O livro de Raul Brandão com aquele título é, na verdade, a crónica histórica da 1ª invasão francesa, nos anos de 1807-1808. Não é de leitura fácil o livro que Raul Brandão deixou pronto em 1912, pois a profundidade do estudo histórico surge em várias vertentes, a partir do tronco comum dos 10 capítulos que enformam o teor principal do estudo, depois alimentado pela colecção de outros testemunhos, apresentados em compartimentos diversificados, que nos dão uma completa panorâmica de criteriosa seriedade do trabalho histórico. Mas isso traz dificuldades ao leitor, sobretudo com as extensas notas ao texto principal, em espaço próprio, mas fugindo obviamente à comodidade do registo em rodapé.

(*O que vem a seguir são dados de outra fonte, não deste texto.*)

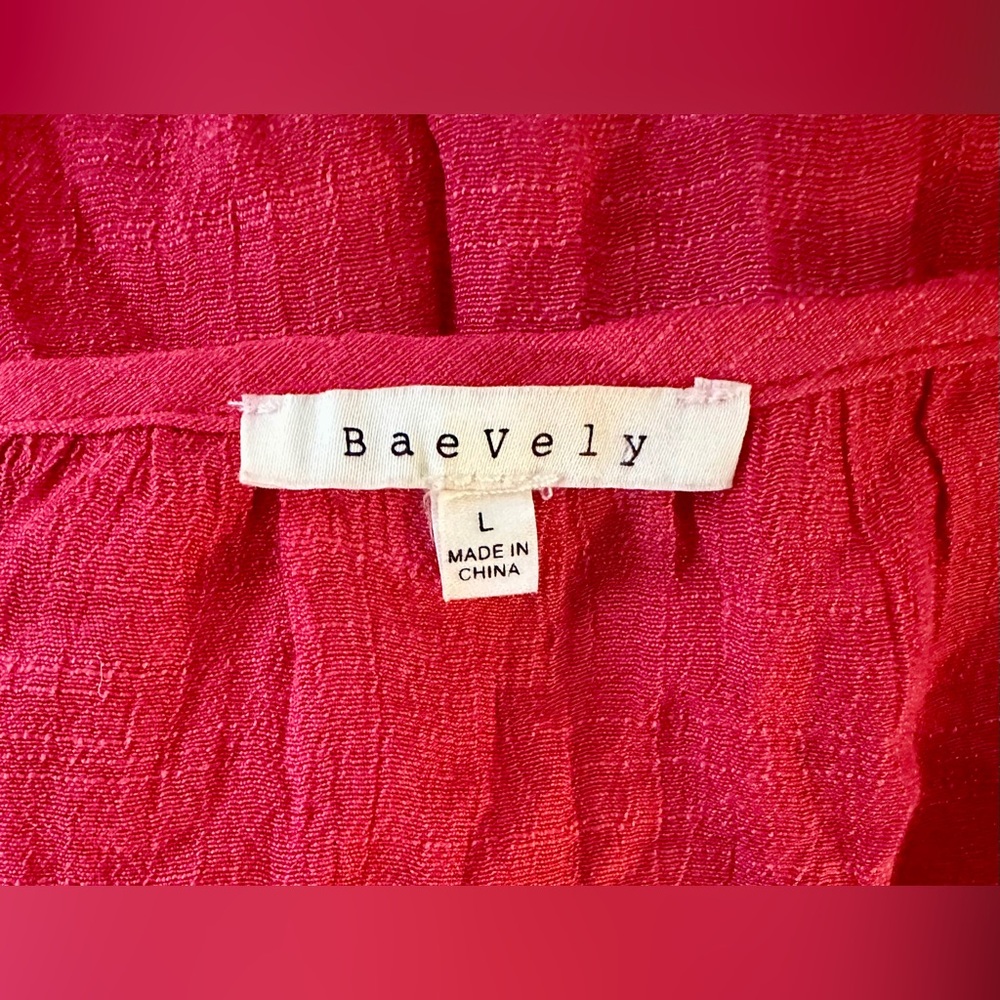 BaeVely By Polagram Burgundy 3/4 Sleeves Tiered Mini Sz L Sheer Flirty FAIRYCORE - Picture 6 of 8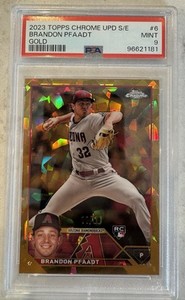 2023 Topps Chrome Update Sapphire Brandon Pfaadt RC #6 PSA 9 Mint Gold /50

Todavia, para além disto, o leitor não pode deixar de se maravilhar com a riqueza da prosa em que a magnífica caracterização pelo adjectivo resulta numa força e num sabor muito próprios, que nos estimulam. Detemo-nos muitas vezes a reler com prazer essa prosa magnífica, admirando a escrita rápida, irónica, dramática e fluente, mas de uma caracterização concisa na sua adjectivação magistral. Eu, pelo menos, sinto isso e vi-me a reler partes do texto de Raul Brandão como se fossem poemas.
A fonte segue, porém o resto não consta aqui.